Shah Rukh Khan is usually restricted to speaking on Tag Heuer and his fabled competition with Amitabh Bachchan post Don and KBC. But in an unusually forthright interview with Shoma Chaudhury, he talks of much more. Islam, loss, death, fear, politics, films, women, sexuality, sensibility. This is Shah Rukh unplugged


The sun is setting over Film City. A perfect globe of saturated orange. It could have been made to order. High up on a hill, at its very peak, a caterpillar of men pulls at massive ropes. Others stand around in formal black coats. Some wield guns. Behind them looms a horizon of blackened, burnt buildings. There is a hushed bustle in the air. Suddenly, a figure in carnation red whooshes up into the sky, arms flung out in high drama, cape flying out in perfect billow. In his arms, there’s a Barbie-woman, in equal red. Strapless gown, black cascading hair, slim leg tantalizing in its slit. They whoosh up, then the crane sets them down with a jaunty bounce. A male voice cries out, “Oohri baba! Mohabbat Man to your rescue. Baby, shall we dance?” And a troupe of fairy dancers engulf them.

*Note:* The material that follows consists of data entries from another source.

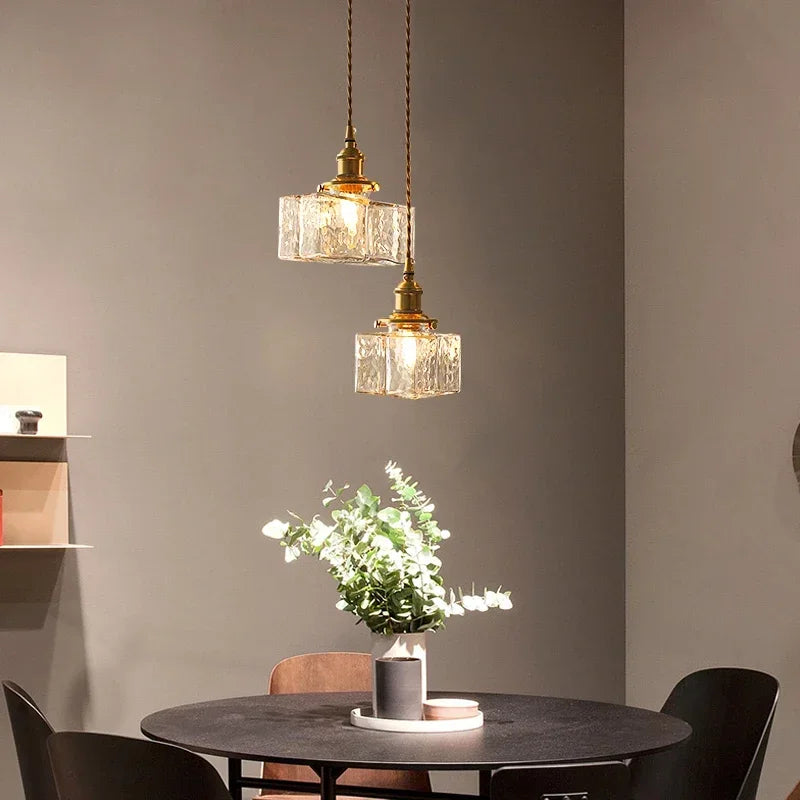Retro glass pendant light with creative LED for vintage lighting - vue 5 sur 10
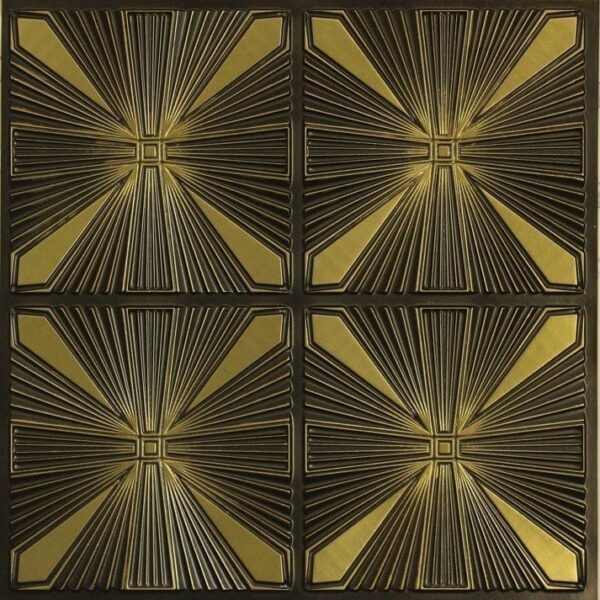 242 Antique Brass Cathedral Tin Ceiling Tiles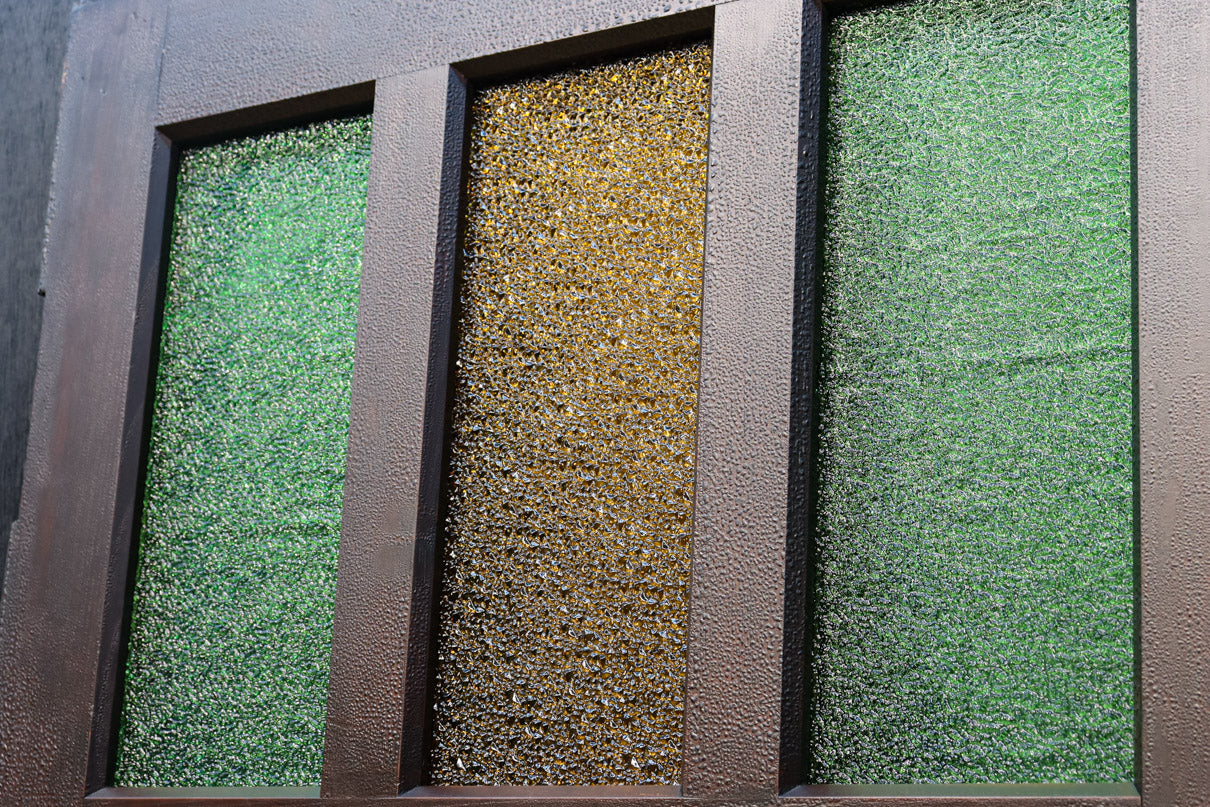 幅713ミリ　グリーンとイエローガラス窓でお洒落なレトロドア　F7844　在庫1枚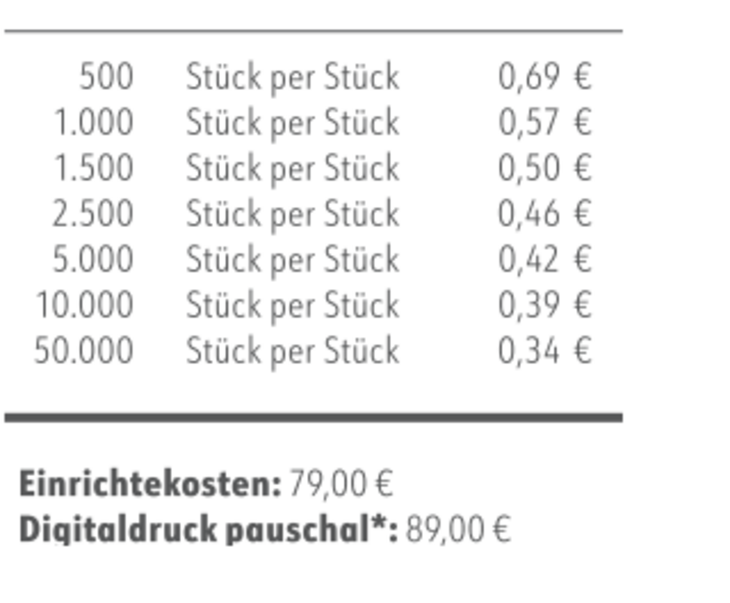 Preisliste LogoBox "Mini-Schokolinsen" mit Logo 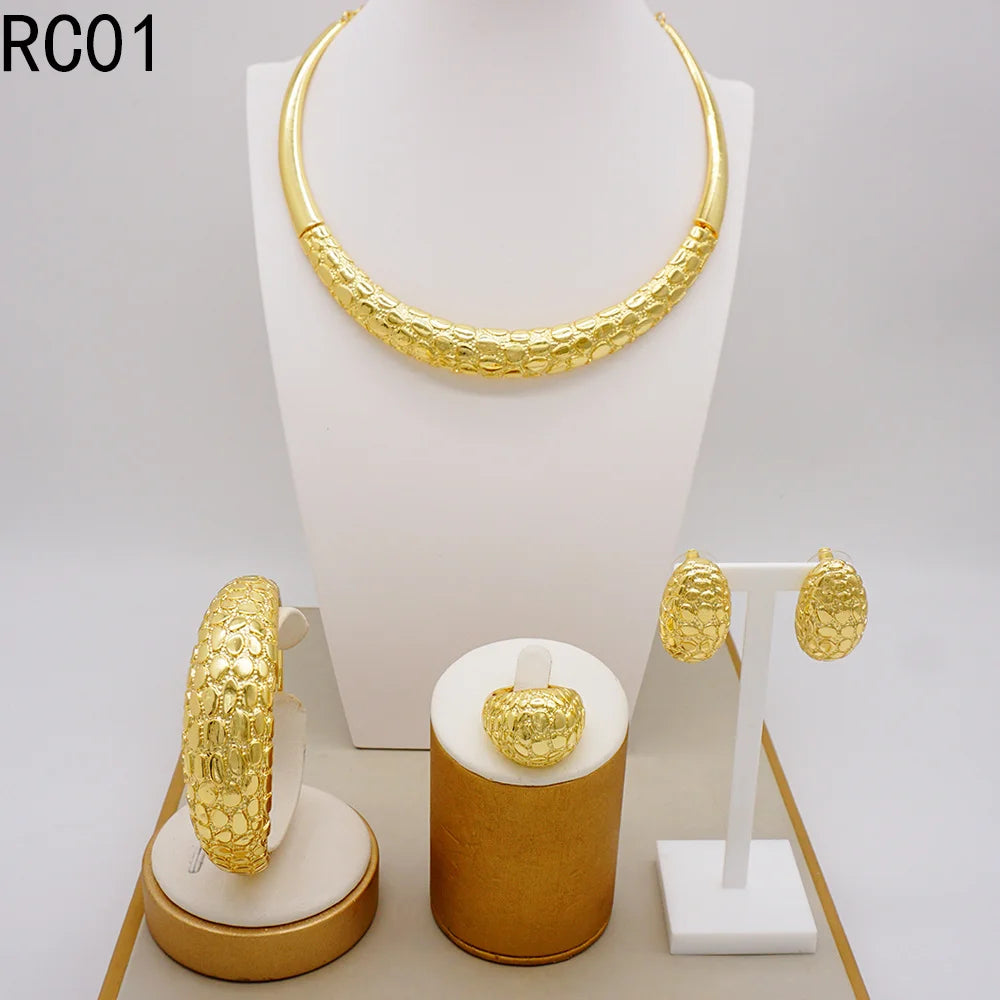 Brazilian Gold Flower Dubai Jewelry Set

The sets of Farah Khan’s new film, Om Shanti Om. One could not ask for a more perfect first introduction to the Bollywood superstar, Shah Rukh Khan. It is how you imagine him. Wildly theatrical. Kitsch. Unabashed. In the 20 years that he has been riding the crests of Hindi cinema, he has sent out a curious musk. You think Shah Rukh, you think charm, wit, materialism, scale. You think charisma. You think success. You think trappings of stardom.

You don’t necessarily think integrity, art, perfection. Vision.

So what is Shah Rukh Khan really about? Is the musk accurate? One might wonder why one should be interested at all. As Shah Rukh himself has often said, he’s just an entertainer. Why should it matter what he is in the flesh. But it matters. The stars might scorn the idea of their influence. But cinema — and Bollywood in particular — has a grip on the Indian psyche that is unmatched by anything in the country, perhaps even religion. And Shah Rukh has been at its zenith for 20 years. He is, in a sense, the most public image of our collective selves. We want to know what that image stands for. What courses beneath the carnation red cape and red boot with spurs. Put a story out on Shah Rukh, and you can be sure, the most disdainful of us would devour it.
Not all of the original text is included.